Governo federal diz que números podem ser maiores
Procurado, o Ministério da Justiça informou ao UOL que, no âmbito federal, o tema deveria ser tratado pelo MDH (Ministério de Direitos Humanos).
O MDH afirmou à reportagem que não comentaria os dados porque o levantamento do GGB não é oficial, mas citou números do Disque Direitos Humanos, o Disque 100.
No ano passado, ele recebeu 1.876 denúncias de violências praticadas contra LGBTs. “Desses dados, a discriminação e a violência psicológica foram os casos com maior número de registros, que demonstram a necessidade de mudança de crenças e valores baseados em preconceitos que vitimizam a população LGBT”, informa.

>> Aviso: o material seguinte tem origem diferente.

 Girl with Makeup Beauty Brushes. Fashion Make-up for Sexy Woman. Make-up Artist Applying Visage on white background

Segundo o balanço, os casos com maior número de registros contra LGBTs são violência física, lesão corporal e maus-tratos, seguidos por homicídios.

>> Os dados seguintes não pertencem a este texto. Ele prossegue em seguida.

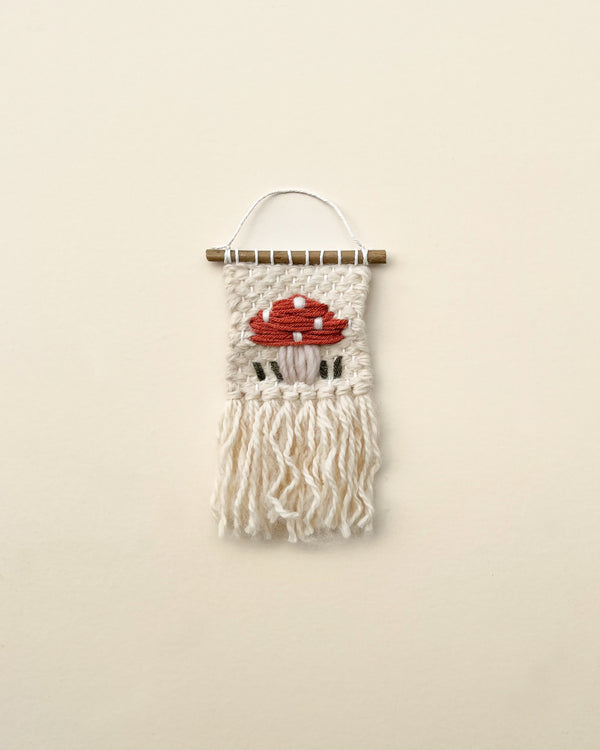 A handmade Mini Mushroom wall hanging featuring an embroidered representation of a red mushroom on a beige background, with white fringes hanging below, mounted on a horizontal stick.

“Dada a questão da subnotificação dos registros de violência, conforme já citado, é possível afirmar que esses números podem ser ainda maiores e sofrem influências de outras variáveis correlacionais, como raça/cor, faixa etária, classe social, região e outros”, pontua a pasta.
O MDH ainda informou que tem buscado “ações pontuais no combate à discriminação através de campanhas nacionais com o objetivo de dar visibilidade à temática LGBT e promover as discussões em relação ao preconceito e às diferenças”.
Entre os itens, o MDH assegura que tem feito interlocuções com outros ministérios e governos estaduais. “Há também diálogos feitos diretamente com a sociedade civil para planejamento de ações. Estamos construindo um Pacto Nacional de Enfrentamento à Violência LGBTfobia, em parceria com os Estados e municípios, trabalho que irá transformar as diretrizes da última conferência nacional LGBT em Políticas Públicas nos campos da saúde, educação, cultura, assistência social e segurança pública”, finaliza.